I am attempting to implement the Schonhage-Strassen multiplication algorithm using NTT, and am running into a problem where the final resulting vector is not actually equal to what it should be.
For two input vectors a
, and b
, each consisting of N
"digits" of K
bits (the final N/2
entries of each set to 0), each, given a modulus M = 2^(2*K)+1
, a root of unity w = N^(4*K-1) | w^N = 1 mod M
, a modular inverse of this value wi | wi*w = 1 mod M
, and u | u*N = 1 mod M
, the following python code is used to (attempt to) multiply these vectors using the Schonhage-Strassen algorithm:
#a and b are lists of length N, representing large integers
A = [ sum([ (a[i]*pow(w,i*j,M))%M for i in range(N)]) for j in range(N)] #NTT of a
B = [ sum([ (b[i]*pow(w,i*j,M))%M for i in range(N)]) for j in range(N)] #NTT of b
C = [ (A[i]*B[i])%M for i in range(N)] #A * B multiplied pointwise
c = [ sum([ (C[i]*pow(wi,i*j,M))%M for i in range(N)]) for j in range(N)] #intermediate step in INTT of C
ci = [ (i*u)%M for i in c] #INTT of C, should be product of a and b
In theory, taking the NTT of a
and b
, multiplying pointwise, then taking the INTT of the result should give the product, if I am not mistaken, and I have tested these methods for NTT and INTT to confirm that they are inverses of each other. However, the final resulting vector ci
, rather than being equal to the product of a
and b
, is the product where each element is taken modulo M
, giving an incorrect result for the product.

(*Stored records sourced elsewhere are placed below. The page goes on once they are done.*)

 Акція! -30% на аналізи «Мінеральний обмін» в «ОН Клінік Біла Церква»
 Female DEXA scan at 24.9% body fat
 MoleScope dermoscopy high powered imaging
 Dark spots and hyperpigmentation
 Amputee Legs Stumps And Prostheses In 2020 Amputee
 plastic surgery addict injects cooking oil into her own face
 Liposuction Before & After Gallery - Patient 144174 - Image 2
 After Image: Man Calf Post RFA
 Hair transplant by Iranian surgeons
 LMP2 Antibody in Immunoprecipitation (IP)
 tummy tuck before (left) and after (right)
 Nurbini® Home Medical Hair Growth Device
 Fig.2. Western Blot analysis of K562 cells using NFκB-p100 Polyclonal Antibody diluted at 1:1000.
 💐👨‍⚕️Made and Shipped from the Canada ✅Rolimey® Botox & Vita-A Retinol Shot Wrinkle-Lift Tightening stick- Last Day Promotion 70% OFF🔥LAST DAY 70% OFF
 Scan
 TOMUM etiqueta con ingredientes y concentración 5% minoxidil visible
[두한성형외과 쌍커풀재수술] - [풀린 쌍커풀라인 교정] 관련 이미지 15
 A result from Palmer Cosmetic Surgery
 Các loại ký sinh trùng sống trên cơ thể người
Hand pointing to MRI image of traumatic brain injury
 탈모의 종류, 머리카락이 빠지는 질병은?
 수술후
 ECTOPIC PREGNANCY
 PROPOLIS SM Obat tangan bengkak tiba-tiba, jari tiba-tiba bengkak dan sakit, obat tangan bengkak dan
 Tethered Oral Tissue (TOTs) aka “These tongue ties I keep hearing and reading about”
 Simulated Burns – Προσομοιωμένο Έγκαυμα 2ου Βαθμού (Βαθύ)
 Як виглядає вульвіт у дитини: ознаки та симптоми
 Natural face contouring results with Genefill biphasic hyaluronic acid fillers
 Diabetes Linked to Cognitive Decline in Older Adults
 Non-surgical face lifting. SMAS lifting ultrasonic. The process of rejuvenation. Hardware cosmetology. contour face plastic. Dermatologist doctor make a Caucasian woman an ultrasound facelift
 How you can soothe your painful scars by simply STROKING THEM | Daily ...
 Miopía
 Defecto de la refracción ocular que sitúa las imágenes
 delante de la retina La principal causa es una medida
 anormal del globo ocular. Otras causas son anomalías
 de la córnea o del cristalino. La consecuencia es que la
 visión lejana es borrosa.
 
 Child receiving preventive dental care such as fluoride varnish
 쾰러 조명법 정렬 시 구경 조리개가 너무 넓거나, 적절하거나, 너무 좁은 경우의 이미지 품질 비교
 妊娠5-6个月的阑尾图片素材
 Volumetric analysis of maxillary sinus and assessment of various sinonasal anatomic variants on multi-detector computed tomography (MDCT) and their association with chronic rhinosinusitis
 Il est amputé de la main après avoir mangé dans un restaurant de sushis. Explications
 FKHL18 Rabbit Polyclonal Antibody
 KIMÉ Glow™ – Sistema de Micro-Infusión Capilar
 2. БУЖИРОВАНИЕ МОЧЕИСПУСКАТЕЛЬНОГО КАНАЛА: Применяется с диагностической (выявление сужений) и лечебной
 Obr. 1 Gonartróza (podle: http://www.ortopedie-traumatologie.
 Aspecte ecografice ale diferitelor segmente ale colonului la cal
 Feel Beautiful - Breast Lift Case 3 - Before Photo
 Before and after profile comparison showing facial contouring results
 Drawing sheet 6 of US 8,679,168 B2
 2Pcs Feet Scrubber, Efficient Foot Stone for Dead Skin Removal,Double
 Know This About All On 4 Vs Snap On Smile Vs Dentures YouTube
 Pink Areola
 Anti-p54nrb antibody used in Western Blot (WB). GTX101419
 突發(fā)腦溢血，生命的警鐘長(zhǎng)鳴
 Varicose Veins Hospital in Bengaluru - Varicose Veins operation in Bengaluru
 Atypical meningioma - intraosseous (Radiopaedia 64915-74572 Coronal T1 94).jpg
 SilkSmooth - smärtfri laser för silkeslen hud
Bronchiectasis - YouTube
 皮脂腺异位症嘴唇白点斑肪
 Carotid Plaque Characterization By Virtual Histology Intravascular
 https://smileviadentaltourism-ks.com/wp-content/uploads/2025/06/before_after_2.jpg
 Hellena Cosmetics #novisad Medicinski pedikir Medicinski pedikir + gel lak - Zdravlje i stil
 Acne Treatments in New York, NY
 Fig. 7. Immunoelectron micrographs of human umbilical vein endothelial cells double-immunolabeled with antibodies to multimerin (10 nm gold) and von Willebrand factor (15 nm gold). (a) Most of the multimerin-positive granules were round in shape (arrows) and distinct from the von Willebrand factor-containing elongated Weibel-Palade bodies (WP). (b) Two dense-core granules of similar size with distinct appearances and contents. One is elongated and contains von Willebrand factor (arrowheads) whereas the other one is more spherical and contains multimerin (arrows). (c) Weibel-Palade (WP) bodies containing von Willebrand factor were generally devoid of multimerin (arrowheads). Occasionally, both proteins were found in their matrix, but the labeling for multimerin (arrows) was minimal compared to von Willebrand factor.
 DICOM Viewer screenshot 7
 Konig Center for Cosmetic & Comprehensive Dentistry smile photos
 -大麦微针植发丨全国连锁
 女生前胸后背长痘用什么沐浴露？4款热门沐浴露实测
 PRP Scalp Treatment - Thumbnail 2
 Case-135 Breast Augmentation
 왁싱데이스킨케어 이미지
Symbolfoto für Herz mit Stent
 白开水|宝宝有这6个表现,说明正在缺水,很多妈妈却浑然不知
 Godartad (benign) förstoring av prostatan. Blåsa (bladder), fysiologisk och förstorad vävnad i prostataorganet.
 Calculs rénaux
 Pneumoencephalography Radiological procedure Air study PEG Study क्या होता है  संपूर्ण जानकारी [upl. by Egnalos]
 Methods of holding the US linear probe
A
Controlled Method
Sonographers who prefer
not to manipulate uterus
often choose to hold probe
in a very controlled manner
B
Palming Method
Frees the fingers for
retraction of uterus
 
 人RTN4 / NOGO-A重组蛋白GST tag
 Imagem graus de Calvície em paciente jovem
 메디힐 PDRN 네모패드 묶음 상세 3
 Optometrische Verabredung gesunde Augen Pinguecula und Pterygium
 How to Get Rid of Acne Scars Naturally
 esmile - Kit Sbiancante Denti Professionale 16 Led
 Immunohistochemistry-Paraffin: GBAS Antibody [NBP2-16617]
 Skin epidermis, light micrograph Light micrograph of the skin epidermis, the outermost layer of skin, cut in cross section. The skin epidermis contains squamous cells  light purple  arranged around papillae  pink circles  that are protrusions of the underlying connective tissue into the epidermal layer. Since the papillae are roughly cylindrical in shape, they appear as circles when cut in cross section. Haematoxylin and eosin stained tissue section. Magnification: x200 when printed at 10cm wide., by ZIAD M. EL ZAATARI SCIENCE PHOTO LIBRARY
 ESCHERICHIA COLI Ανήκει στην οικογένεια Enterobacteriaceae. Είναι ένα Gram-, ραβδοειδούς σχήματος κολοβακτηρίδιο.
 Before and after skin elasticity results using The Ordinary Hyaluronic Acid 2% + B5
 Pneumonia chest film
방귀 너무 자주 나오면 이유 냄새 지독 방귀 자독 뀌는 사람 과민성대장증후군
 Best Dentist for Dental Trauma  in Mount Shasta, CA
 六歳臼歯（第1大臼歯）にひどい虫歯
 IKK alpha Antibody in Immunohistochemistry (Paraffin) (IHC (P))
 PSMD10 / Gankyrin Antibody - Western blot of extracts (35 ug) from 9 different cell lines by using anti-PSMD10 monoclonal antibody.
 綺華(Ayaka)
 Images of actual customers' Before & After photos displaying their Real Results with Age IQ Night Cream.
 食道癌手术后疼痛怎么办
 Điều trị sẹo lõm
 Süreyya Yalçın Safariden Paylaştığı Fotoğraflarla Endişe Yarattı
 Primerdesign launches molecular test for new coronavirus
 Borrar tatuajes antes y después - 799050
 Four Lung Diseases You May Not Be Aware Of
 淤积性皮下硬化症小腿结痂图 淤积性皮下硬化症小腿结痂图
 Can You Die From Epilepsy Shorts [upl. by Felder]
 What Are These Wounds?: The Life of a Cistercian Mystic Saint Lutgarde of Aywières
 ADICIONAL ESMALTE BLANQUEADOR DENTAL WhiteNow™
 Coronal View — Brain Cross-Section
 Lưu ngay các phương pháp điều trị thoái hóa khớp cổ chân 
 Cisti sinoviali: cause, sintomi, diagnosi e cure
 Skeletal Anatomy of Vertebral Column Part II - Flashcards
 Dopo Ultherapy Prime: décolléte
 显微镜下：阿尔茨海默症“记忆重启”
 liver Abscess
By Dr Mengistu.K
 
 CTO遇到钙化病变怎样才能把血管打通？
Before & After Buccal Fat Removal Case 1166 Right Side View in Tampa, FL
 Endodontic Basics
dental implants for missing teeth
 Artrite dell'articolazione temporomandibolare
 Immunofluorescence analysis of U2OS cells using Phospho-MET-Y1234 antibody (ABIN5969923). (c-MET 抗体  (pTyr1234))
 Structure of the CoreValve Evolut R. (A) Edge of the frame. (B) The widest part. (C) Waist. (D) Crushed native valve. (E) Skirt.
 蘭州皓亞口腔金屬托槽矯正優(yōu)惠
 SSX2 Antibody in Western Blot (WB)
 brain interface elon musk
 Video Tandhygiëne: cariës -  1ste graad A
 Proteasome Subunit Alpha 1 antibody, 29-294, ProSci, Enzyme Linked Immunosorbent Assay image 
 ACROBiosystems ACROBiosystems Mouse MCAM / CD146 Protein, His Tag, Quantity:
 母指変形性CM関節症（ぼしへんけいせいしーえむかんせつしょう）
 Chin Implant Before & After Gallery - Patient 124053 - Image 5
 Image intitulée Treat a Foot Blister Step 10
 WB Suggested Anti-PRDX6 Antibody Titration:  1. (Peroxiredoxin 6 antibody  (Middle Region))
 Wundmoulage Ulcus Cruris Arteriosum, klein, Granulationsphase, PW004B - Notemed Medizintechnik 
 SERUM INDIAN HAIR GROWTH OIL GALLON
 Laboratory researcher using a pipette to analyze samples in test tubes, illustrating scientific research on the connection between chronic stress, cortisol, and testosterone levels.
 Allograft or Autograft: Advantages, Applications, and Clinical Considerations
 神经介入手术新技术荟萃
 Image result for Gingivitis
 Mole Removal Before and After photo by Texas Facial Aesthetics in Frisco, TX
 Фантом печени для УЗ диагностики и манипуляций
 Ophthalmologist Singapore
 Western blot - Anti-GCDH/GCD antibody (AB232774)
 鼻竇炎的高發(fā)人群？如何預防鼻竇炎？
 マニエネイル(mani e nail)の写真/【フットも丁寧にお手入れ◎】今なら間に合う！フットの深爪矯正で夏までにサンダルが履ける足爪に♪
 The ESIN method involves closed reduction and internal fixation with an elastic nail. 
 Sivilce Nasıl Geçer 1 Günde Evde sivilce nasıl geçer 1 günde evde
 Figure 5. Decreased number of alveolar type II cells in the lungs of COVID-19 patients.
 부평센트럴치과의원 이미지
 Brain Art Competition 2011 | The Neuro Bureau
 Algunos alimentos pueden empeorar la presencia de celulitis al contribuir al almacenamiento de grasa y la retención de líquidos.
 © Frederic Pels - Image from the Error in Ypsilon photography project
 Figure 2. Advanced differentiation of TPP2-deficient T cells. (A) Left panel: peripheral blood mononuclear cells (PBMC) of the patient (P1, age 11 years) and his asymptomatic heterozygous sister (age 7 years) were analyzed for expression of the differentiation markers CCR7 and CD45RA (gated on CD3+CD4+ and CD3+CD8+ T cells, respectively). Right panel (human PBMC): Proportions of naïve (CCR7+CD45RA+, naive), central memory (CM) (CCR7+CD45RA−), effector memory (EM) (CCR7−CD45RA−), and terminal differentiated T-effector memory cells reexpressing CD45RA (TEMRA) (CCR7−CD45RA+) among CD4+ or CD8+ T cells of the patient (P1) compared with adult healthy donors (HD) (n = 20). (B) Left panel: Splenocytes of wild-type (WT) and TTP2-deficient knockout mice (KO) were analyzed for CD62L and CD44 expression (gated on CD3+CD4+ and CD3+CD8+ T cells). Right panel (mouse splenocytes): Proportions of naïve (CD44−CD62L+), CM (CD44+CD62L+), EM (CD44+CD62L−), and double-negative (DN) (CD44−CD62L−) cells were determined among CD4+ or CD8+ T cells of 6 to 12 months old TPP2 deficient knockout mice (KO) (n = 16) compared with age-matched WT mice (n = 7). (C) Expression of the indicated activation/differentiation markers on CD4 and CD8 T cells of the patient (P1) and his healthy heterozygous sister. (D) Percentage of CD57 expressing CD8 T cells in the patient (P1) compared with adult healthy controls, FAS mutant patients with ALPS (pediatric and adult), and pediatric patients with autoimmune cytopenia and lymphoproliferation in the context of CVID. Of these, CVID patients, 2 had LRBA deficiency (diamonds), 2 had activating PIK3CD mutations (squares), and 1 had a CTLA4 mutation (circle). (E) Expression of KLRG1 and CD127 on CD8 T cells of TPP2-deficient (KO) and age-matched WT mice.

For example, running a test with N=K=8
, and random vectors for a, b
, gives the following:
M = 2^(2*8)+1 = 65537
w = 16, wi = 61441
u = 57345
a = [212, 251, 84, 186, 0, 0, 0, 0] (3126131668 as an integer)
b = [180, 27, 234, 225, 0, 0, 0, 0] (3790216116)
NTT(a) = [733, 66681, 147842, 92262, 130933, 107825, 114562, 127302]
NTT(b) = [666, 64598, 80332, 54468, 131236, 186644, 181708, 88232]
Pointwise product of above two lines mod M = [29419, 39913, 25015, 14993, 42695, 49488, 52438, 51319]
INTT of above line (i.e. result) = [38160, 50904, 5968, 11108, 15616, 62424, 41850, 0] (11848430946168040720)
Actual product of a x b = [38160, 50904, 71505, 142182, 81153, 62424, 41850, 0] (11848714628791561488)
In this example, and in pretty much every time I try it, the elements of the actual product and the result of my algorithm are the same for several elements near the beginning and end of the vector, but towards the middle they deviate. As I mentioned above, the elements of ci
are each equal to the elements of a*b
modulo M
. I must be misunderstanding something about this algorithm, though I'm not entirely sure what. Am I using the wrong modulus somewhere?